Even if (or maybe especially if) you haven’t read any of these books, it’s easy to articulate the critique: they’re twee, precious, navel-gazing, entitled, airless hipster literature. It’s not naturalism, runs the critique, it’s mumbly solipsism. There’s something deeply anti-social about the style—the narrator curling into a ball for the duration of a novel—and it’s not even true-to-life; there’s an artifice, and falsity, in trying to paint oneself in the ugliest possible way. James Wood, for instance, the dean of American critics, tries assiduously to get into the spirit of Sheila Heti’s How Should a Person Be and then finally gives up: “If I wanted to hear that,” he writes, fuming at another dose of Heti’s self-pity, “I could settle in at a Starbucks and wait for the school kids to get out at three o’clock.” Wood has a point: nothing is worse than the ‘quiet style’ pushed to absolute indolence—take Tao Lin, for example, who pushes the style to its extreme, an unremittingly self-loathing lifelessness. In valuing truth over stories, the style focuses almost entirely on first-person memoirish writing at the expense of the imagination.
Wood may have a point about mannered fecklessness, but he goes astray when he dismisses the style as disengaged. There’s a trenchant protest embedded within the quiet style. There’s a sense that institutions are a colossal lie and a brave insistence that the experience of the individual is paramount, and outweighs any implicit debt that a person has toward ‘society.’ The period of being lost, when you’re least tethered to any kind of status marker, is actually when you’re most truly yourself.

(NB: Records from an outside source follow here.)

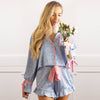 8 Oak Lane - Cottage Floral Periwinkle Satin Ruffle PJ Short Set: M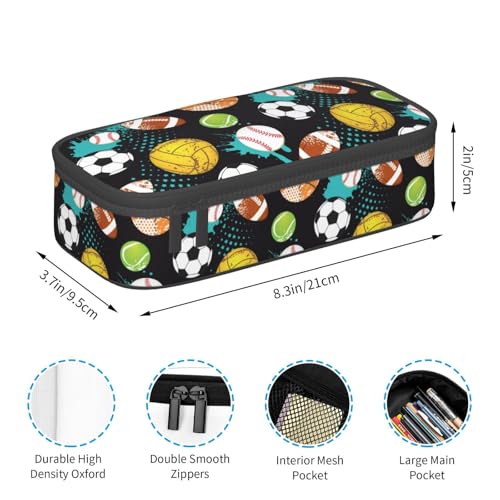 Image of Sport Cool Ball Pattern Pencil Case Big Capacity Storage Pencil Pouch Stationery Bags With Zipper Portable Pen Holder Box Organizer For Boys Girls Teens Student College School Office Supplies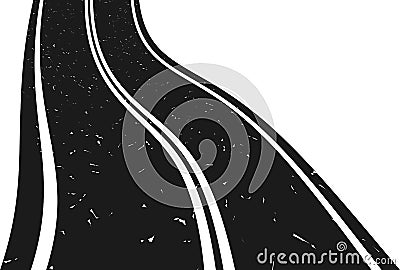 Curved asphalt road going to the distance. Vector Illustration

In Garth Greenwell’s What Belongs To You, the narrator, adrift and self-loathing in Bulgaria, approaches something like love with his violent prostitute lover Mitko. By the time he settles down and gets a real boyfriend, he’s a prig. In Baker’s Nocturama, the protagonist, Skaggs, his life in freefall, hits a breakthrough in the unlikely company of his loserish stepfather and his misery-loves-company one-night stand; once he pulls himself together and gets a job, he’s just another jerk again. “No genius here,” reflects Adam in Leaving the Atocha Station, in what’s probably the novel’s summation, “no deep song. But my research had taught me that the tissue of contradictions that was my personality was itself a poem.”
There’s something Quakerish in this sensibility—an adamant insistence that it’s in the most insignificant, most easily overlooked moments of daily life where the sacred resides. Why isn’t ordinary life treated as important? these writers keep demanding. Why are you more worthwhile if you’re successful and published? And, implicitly, why are you therefore worthless when you’re mired in edits for your awful manuscript (as are Miranda July and Sheila Heti’s heroines)? What is it about people that makes them always root for the frontrunners? Why is it so hard to sit still and just take in what life really is?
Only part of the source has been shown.